Когда-то я была очень старой. Много-много раз была я такой; но у меня есть одна особенность: всякий раз, когда я старею, я либо умираю, чтобы потом возродиться, либо просто снова становлюсь юной. И вот сейчас я снова перед вами с шелковистой кожей, с запахом ландыша, исходящего от волос и звонким голосочком. Только сияния в глазах нет.
Я вам поведаю историю наподобие той, что вы уже слышали.
Я билась в утробе своей матери со своими сестрами, как некогда бились в утробе Ревекки ее известные всем сыновья. Только моя мать при родах погибла, дав нам новую жизнь.
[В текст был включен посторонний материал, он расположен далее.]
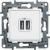VALENA 2 USB CHARGER A+A 3A 15W WHITE
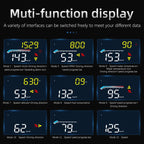 M17 Car HUD Head-up Display GPS Speed Meter Car OBD2 Diagnostic Tool, M17
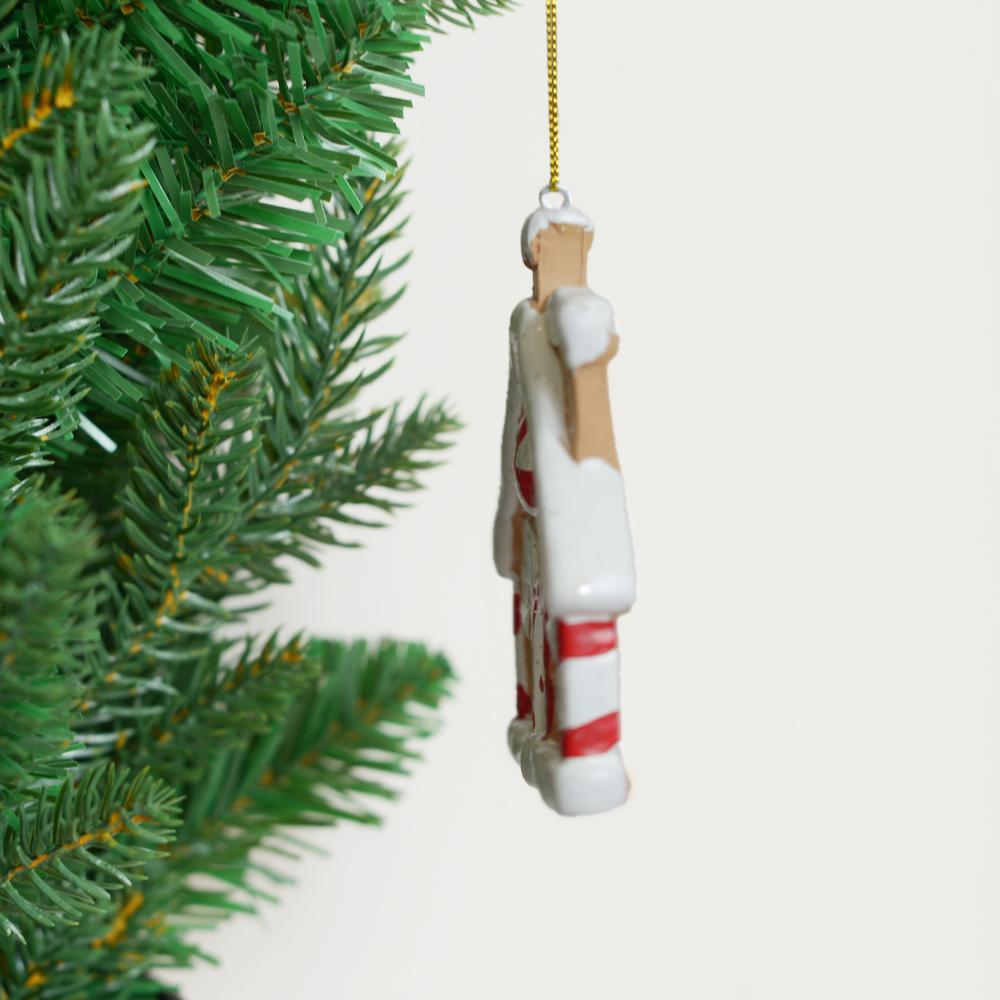 Pink Snowflakes Christmas Ornaments 2024 Home Interior Decoration Cute Resin House New Year's Decoration for Christmas Tree 2025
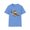 Carolina Blue, variant on Chopper Helicopter Graphic Unisex Cotton Softstyle Short Sleeve Tee 3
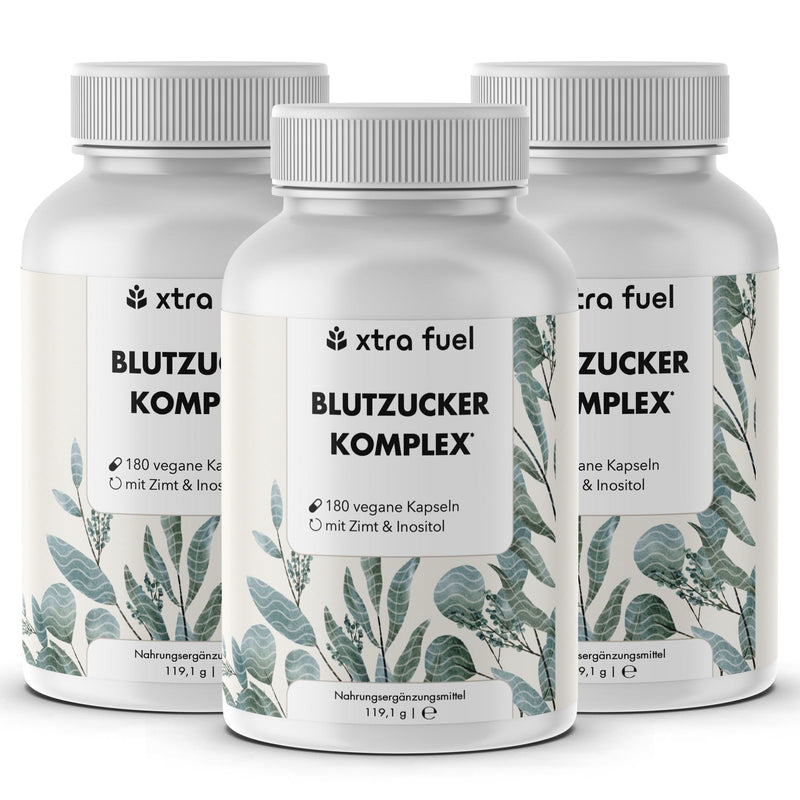 Blood sugar complex* - nutrient mix with Ceylon cinnamon, inositol & olive leaf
Все то время, что она мучилась от болей и после нашего рождения, в воздухе стоял великий гул; поднявшаяся пыль и встревоженный пепел все никак не хотели оседать. Мы бились у нее в утробе за первенство и бились после, когда появились на свет. Мы бились и враждовали даже тогда, когда были старыми в прошлых жизнях. Не странно ли, что самые близкие всегда готовы перегрызть друг другу аорту? Я сейчас стала понимать, почему в Библии сказано «возлюби ближнего», а не «ближнего и дальнего». Дальних любить гораздо проще. Итак, я отвлеклась.
Мы бились в темноте, так как пепел мешал нашим взглядам встретиться. Из-за этого, а может из-за банальной жестокости, мы наносили друг другу раны с таким остервенением, что даже голодное животное, рвущее свою добычу, показалось бы нежным и мягким созданием. Мы припоминали друг другу старые обиды и бесконечные козни. Нет, нам есть что вспомнить и хорошего: я, например, помню, как мы вплетали в наши косы цветы и водили хороводы; тогда было очень весело и спокойно. А наш смех разносился ветром по берегам Дуная, Савы и Дрины. Но когда ты хочешь задавить в своих «объятиях» того, кто причинил тебе боль, в голове не остается места для добрых воспоминаний. Люди говорят, что мы пролили так много крови, что даже всемирная история округлила глаза и, стыдливо покраснев, прикрыла свое лицо руками. Во всей этой суете и толкотне, мы забыли нашу мать и нашего отца. Мы забыли, что некогда, будучи их частью, мы олицетворяли гармонию и ласкали нашу судьбу руками.
Пепел улегся. Пыль осела. А мы… мы только заметили, что все это время мы танцевали на руинах нашей колыбели. Мы дрались, топча развалины нашего прошлого. Кровь впиталась в землю и на ней стали расти цветы. Но у меня на руках и на шее до сих пор пепел и алая жидкость. Впрочем, как и у моих сестер.
После того, что с нами произошло, мы  постарались разойтись. Лейла – так зовут одну из моих сестер – посмотрела на меня своими османскими глазами и ушла, напевая по дороге слезливую балладу о том, как она пострадала в этой бойне. Катарина – моя другая сестрица – тоже ушла в противоположную сторону, приговаривая, что мы с Лейлой дурно воспитаны, при этом она бубнила себе под нос какие-то стихи, приправленные латынью. А я не могла отойти от шока. У меня перед глазами до сих пор стояла тьма, а кожа до сих пор чувствовала удары. Я не знаю, какой рок нас так поссорил. Не знаю, какой бес вселяется в людей, что они готовы своими руками убивать. Я не знаю, почему мы этими самыми нашими дланями создаем прекрасное и при этом не чураемся уничтожать. Мы даже не состоим из парадоксов, мы – сам парадокс.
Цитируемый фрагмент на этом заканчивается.